The Ashanti created an empire the size of Great Britain, 24,560 square miles, by the time the first Europeans, the Portuguese, tried to fight against the military might of these proud people in 1482. In ancient times the Ashanti unified many tribal units and set up a strong government among the Akan-speaking people in the middle part of what is today the independent nation of Ghana, along the western coast of Africa.
The first king to organize the Ashanti confederacy into a military state was king Osei Tutu who reigned from 1700 to 1730 from the modern city of Kumasi. Tutu’s adviser, the Priest Anokye originated the myth of the Golden Stool as a divine symbol of unity. Anokye declared that this Golden Stool contained the spirit and soul of the entire Ashanti nation; the Stool became the symbol of the new nation’s authority. According to Ashanti legend, Priest Anokye called down the Stool from Heaven in a black cloud. Amid loud peals of thunder, the Stool slowly descended and rested on King Tutu’s knees without touching the ground. To this day, the sacred stool is never to touch the ground, and has its own special chair to rest on. According to Anokye, the greatness of the Ashanti was embodied in the stool. It was never to be captured by an enemy or be destroyed. Should this happen, the Ashanti nation would fall. (Budu-Acquah, pp. 27-28)
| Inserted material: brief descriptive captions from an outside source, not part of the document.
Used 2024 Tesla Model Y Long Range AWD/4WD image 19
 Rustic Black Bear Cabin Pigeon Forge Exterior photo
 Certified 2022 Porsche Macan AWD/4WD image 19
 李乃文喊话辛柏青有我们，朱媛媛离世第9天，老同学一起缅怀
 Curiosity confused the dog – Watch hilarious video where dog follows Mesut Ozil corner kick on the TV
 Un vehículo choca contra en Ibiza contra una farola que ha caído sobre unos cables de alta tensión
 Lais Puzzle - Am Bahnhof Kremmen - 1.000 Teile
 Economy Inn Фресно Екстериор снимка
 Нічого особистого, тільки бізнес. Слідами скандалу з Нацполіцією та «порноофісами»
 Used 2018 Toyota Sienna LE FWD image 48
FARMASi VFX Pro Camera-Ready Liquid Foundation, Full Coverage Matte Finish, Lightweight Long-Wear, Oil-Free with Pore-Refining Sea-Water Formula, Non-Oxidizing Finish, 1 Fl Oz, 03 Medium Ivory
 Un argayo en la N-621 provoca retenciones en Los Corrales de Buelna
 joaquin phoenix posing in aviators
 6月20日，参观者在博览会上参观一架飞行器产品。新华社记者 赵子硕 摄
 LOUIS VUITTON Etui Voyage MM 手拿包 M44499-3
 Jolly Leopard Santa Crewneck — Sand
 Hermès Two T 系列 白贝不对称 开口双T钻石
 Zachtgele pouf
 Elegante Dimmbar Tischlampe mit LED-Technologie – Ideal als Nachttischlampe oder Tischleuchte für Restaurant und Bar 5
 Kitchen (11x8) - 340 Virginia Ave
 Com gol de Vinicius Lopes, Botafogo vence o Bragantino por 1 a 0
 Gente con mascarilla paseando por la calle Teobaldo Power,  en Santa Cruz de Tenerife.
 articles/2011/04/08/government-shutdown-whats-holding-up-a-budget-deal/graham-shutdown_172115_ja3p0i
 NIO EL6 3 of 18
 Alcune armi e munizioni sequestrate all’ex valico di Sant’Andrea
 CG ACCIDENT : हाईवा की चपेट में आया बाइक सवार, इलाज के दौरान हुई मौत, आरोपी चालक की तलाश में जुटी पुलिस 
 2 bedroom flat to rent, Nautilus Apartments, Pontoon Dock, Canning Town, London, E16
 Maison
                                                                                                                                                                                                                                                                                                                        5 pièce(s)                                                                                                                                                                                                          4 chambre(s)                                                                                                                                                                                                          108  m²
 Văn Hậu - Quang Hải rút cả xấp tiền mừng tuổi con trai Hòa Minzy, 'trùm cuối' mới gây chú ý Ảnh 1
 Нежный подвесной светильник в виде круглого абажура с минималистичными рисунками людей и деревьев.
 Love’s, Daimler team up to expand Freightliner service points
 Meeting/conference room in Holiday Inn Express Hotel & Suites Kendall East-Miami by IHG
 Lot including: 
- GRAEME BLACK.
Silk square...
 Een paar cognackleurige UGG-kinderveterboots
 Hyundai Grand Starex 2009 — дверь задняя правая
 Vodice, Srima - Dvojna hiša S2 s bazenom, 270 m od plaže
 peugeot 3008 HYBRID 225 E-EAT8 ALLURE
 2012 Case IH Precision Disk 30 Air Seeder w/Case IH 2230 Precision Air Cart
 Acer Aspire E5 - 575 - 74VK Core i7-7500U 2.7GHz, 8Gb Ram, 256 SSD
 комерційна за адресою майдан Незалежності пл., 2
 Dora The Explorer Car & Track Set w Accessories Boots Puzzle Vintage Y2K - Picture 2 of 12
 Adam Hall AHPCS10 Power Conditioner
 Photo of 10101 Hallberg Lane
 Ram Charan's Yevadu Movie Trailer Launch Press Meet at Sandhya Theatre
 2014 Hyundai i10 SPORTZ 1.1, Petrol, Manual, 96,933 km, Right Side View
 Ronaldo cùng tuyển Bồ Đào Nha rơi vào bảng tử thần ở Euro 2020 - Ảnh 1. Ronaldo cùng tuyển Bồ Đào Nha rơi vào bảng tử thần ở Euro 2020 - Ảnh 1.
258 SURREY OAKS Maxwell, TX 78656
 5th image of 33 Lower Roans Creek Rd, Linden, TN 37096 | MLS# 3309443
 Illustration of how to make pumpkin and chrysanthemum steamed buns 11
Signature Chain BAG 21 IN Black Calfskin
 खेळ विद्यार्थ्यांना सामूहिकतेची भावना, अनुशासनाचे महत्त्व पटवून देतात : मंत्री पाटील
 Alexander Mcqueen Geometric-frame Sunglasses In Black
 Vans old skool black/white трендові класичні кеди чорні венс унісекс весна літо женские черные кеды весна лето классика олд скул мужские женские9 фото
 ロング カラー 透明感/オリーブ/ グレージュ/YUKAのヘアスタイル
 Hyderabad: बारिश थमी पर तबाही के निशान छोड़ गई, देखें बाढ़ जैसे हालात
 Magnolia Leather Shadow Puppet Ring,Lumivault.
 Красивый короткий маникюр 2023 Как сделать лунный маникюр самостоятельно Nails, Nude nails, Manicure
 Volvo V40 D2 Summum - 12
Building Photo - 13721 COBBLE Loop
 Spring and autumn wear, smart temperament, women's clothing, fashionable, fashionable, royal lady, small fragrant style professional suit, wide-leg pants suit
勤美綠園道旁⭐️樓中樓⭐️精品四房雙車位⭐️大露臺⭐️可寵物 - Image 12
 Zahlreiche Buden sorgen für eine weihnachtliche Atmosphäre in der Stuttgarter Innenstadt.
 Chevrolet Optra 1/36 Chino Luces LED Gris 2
Using the Golden Stool as a unifying force, the Ashanti conquered its rival neighbors, many of whom were past masters of the Ashanti. Success followed success, victory followed victory. The Ashanti seemed invincible until 1730, when Osei Tutu was killed by the enemy while crossing a forbidden river on his way to conquer his rival kingdom, the Akim.
After Osei Tutu died, King Opoku Ware kept the Ashanti resolve to struggle to maintain their hard-won dominance and kept expanding the Ashanti kingdom. They began to move to the Atlantic Coast, and conquered the people there to protect Ashanti safety and to expand trade with the European nations.
In a series of wars against the Fante, a coastal people who had a monopoly of trade with the British, the Ashanti fought for most of the nineteenth century. During the sixth war that broke out, the British, as allies of the coastal tribes, directly fought against the Ashanti. It took many years, thousands of British troops and cannon before the Ashanti, fierce fighters that they were, were defeated. Finally, in 1902, the Ashanti land was declared a British colony by treaty. But this occurred only after the famous “YEa Asantewa War” in which the brave Queen Mother YEa Asantewa actually led the Ashanti armies in an attempt to keep the famous Golden Stool that the British Governor had ordered them to turn over. During this final war against the British, the Ashanti unity was broken and many of the Ashanti states, tired of Ashanti control, sided with the British. Even so, it took the British nearly a year to subdue the fired-up Ashanti and capture the Queen.
Even in defeat, the Ashanti remained a proud people and have kept their local rulers and customs alive even to the present day. Ashanti rulers and chiefs were instrumental in helping to achieve a life-long dream, independence of the nation of Ghana, which became a sovereign state in 1957 under the Presidency of Dr. Kwame Nkrumah.